[PATCH] exfat: change i_pos based exfat hash to rb tree

[Date Prev][Date Next][Thread Prev][Thread Next][Date Index][Thread Index]

 



Hashtable for identifying inode by i_pos (cluster+dentry) have slow
search performance when there are lots of cached inode.
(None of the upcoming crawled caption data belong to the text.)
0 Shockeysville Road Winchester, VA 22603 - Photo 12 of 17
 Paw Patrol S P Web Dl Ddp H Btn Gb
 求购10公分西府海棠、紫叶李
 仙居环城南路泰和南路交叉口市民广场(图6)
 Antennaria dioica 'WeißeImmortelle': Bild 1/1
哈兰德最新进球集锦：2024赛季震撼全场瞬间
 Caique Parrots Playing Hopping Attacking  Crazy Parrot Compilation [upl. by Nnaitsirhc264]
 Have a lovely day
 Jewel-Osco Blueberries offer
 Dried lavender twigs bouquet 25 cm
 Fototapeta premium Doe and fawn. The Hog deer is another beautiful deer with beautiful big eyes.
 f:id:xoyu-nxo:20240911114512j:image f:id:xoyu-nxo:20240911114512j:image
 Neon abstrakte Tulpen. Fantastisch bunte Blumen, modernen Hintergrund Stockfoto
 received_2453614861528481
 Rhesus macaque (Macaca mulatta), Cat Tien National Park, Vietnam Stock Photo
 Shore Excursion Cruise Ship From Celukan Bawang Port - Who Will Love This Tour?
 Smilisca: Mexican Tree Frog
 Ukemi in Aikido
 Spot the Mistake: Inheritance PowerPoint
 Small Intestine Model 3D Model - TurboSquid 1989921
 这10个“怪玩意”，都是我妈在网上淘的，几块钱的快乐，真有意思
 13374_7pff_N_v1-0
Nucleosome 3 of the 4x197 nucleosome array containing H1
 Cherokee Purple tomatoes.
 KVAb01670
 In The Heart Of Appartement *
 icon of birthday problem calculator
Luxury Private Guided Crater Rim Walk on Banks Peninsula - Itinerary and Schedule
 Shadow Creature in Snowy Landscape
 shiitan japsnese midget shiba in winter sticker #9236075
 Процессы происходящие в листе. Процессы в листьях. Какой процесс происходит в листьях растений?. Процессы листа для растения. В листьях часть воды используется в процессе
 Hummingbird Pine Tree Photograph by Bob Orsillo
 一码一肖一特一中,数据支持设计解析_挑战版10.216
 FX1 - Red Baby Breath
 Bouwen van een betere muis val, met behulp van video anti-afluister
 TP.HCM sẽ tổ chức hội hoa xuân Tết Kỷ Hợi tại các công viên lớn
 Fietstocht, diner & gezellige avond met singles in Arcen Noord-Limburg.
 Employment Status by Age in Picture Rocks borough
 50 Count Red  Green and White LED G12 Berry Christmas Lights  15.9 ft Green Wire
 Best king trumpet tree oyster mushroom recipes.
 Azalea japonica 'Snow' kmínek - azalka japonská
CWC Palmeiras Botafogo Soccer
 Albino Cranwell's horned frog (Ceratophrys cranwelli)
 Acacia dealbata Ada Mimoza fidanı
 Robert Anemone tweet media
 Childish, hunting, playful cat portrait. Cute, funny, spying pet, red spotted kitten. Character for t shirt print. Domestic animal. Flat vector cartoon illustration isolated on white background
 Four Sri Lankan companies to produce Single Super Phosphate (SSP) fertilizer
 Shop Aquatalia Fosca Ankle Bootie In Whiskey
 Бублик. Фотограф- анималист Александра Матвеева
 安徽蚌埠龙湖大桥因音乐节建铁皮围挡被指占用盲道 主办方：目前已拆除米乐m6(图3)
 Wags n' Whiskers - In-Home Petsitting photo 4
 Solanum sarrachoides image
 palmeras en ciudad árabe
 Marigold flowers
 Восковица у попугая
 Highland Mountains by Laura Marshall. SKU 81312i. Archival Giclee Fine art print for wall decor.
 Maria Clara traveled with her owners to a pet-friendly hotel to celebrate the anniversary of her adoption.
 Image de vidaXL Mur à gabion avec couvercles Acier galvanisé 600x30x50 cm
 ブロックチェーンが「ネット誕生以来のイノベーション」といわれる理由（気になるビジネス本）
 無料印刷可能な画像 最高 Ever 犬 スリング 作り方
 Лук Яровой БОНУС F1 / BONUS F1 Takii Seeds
The slowness
is from the limited count of slots showing that, in average,
(inode count / slots) times hlist traverse, and it becomes worse when
cached inode count increases by such as directory iteration.
To improve this, change from hash table to rb tree to minimize
searching/iterate time which enables O(logN) time complexity.

Test : "time ls -l"
 +--------+------------+------------+-----------+
 |        | file count | fresh read |   cached  |
 +--------+------------+------------+-----------+
 | Before |     50,000 |   0m06.59s |  0m01.58s |
 +--------+------------+------------+-----------+
 | After  |     50,000 |   0m05.20s |  0m00.98s |
 +--------+------------+------------+-----------+
 | Before |    300,000 |   1m28.97s |  0m31.69s |
 +--------+------------+------------+-----------+
 | After  |    300,000 |   0m33.11s |  0m06.21s |
 +--------+------------+------------+-----------+

Signed-off-by: Hyeongseok Kim <hyeongseok@xxxxxxxxx>
---
 fs/exfat/exfat_fs.h | 12 +++---
 fs/exfat/inode.c    | 91 +++++++++++++++++++++++++++++++--------------
 fs/exfat/namei.c    | 10 ++---
 fs/exfat/super.c    | 16 ++++----
 4 files changed, 82 insertions(+), 47 deletions(-)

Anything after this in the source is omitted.